• WHAT IS REQUIRED: Leave the pictures out and print, word for word, the lines below from the one with "2019 VOLKSWAGEN JETTA" through the final line.

• STORED DATA:
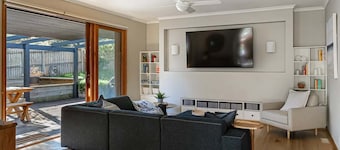 The Willows Coastal Retreat in Old Ocean Grove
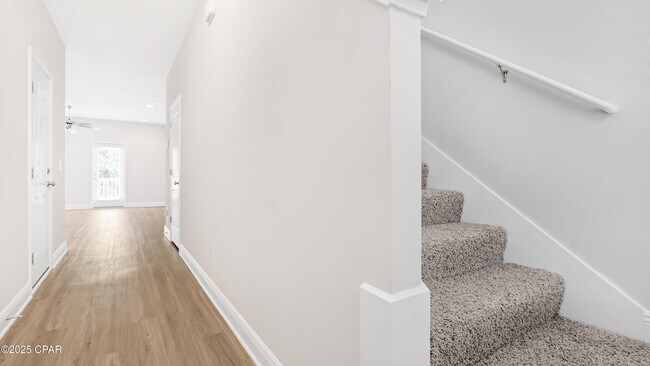 Foto del edificio - 7590 Shadow Lake Dr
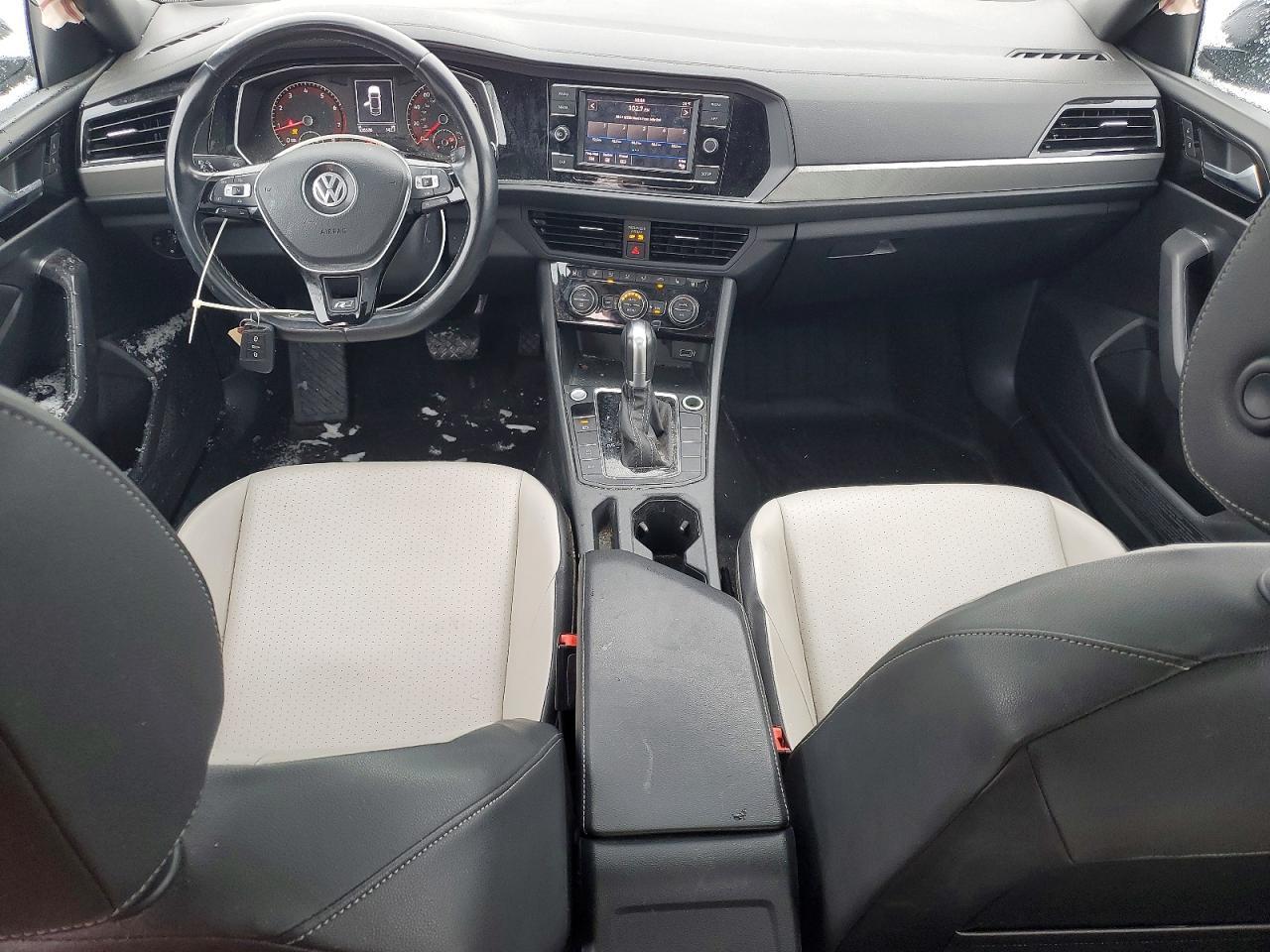 2019 VOLKSWAGEN JETTA
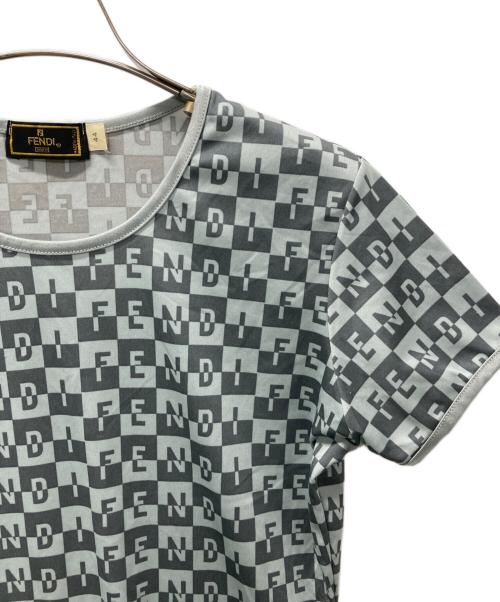 FENDI（フェンディ）FENDI (フェンディ) ロゴプリント総柄Tシャツ スカイブルー サイズ:４４の古着・服飾アイテム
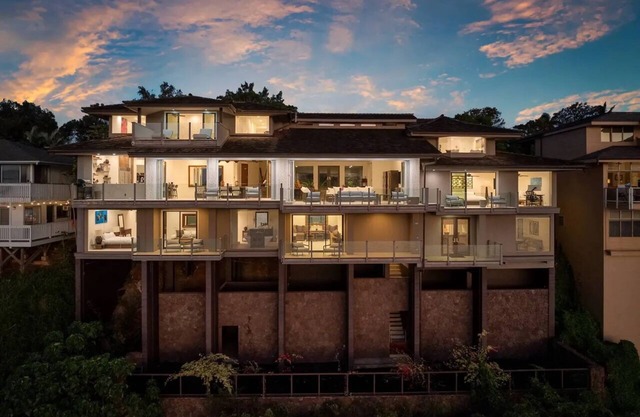 Hawaiian Villa | Beach Access, Views & A/C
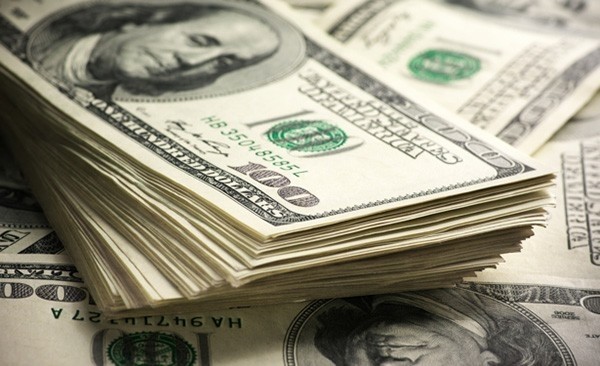 «Курс валют»: Доллар продается по 67,95 сома (график) — Tazabek
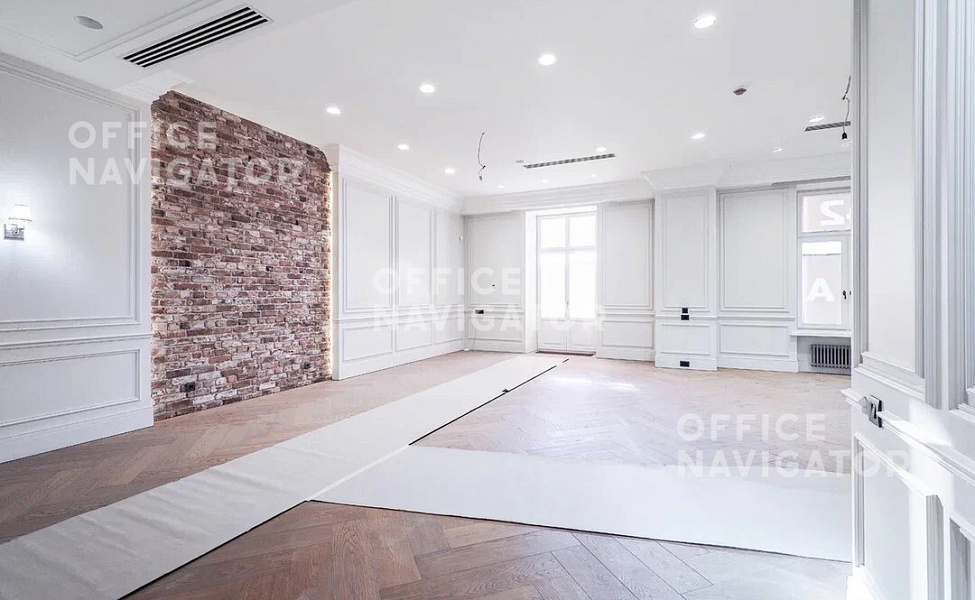 Аренда офиса 322 м², 2 этаж, в бизнес-центре Петровка ул., 18
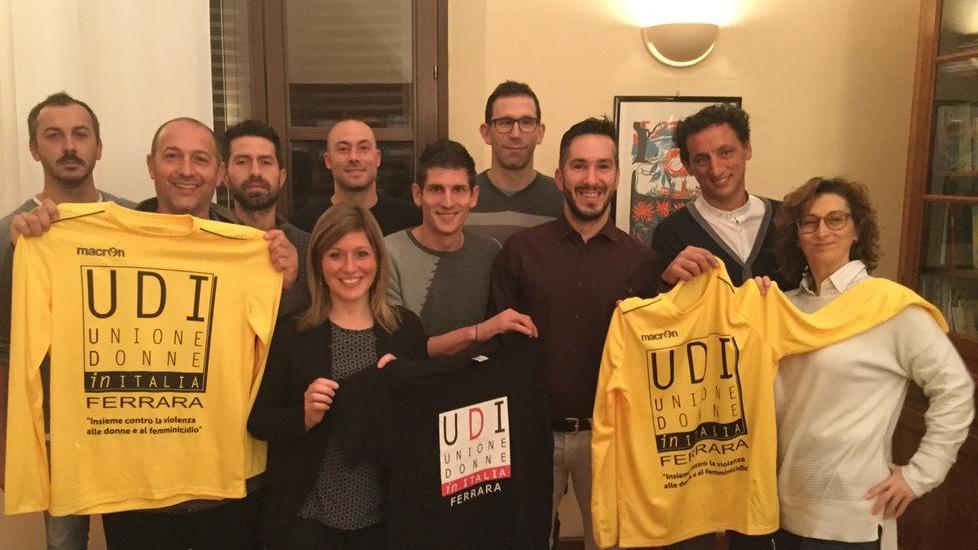 Violenza sulle donne La squadra Amatori al fianco dell’Udi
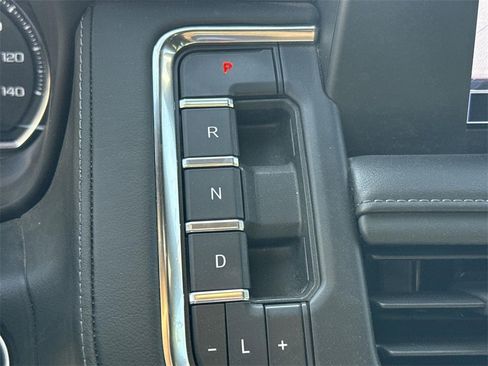 Used 2024 Chevrolet Suburban LS image 14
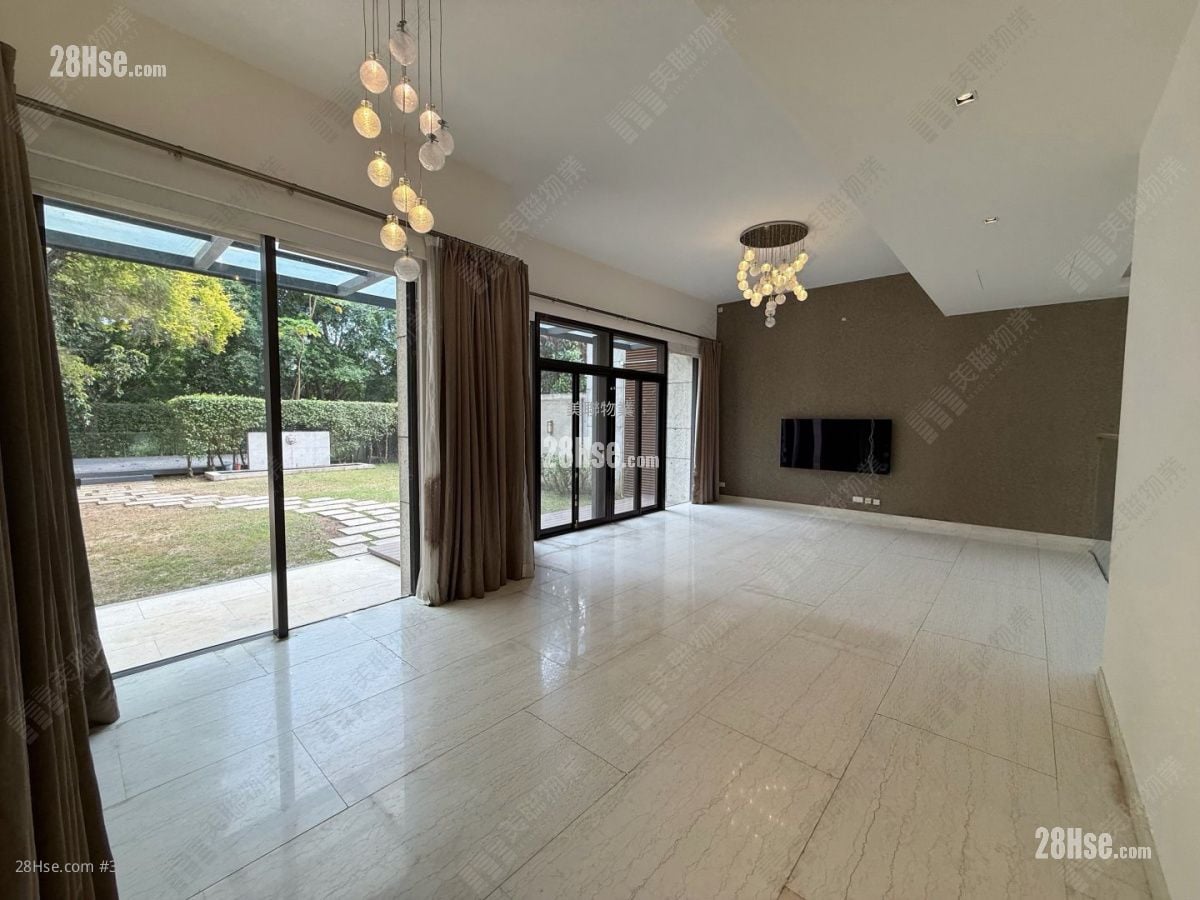 Valais Rental 5+ Bedrooms , 5+ Bathrooms 2,771 ft²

• ANSWER TO THIS TASK:
 2019 VOLKSWAGEN JETTA
 FENDI（フェンディ）FENDI (フェンディ) ロゴプリント総柄Tシャツ スカイブルー サイズ:４４の古着・服飾アイテム
 Hawaiian Villa | Beach Access, Views & A/C
 «Курс валют»: Доллар продается по 67,95 сома (график) — Tazabek
 Аренда офиса 322 м², 2 этаж, в бизнес-центре Петровка ул., 18
 Violenza sulle donne La squadra Amatori al fianco dell’Udi
 Used 2024 Chevrolet Suburban LS image 14
 Valais Rental 5+ Bedrooms , 5+ Bathrooms 2,771 ft²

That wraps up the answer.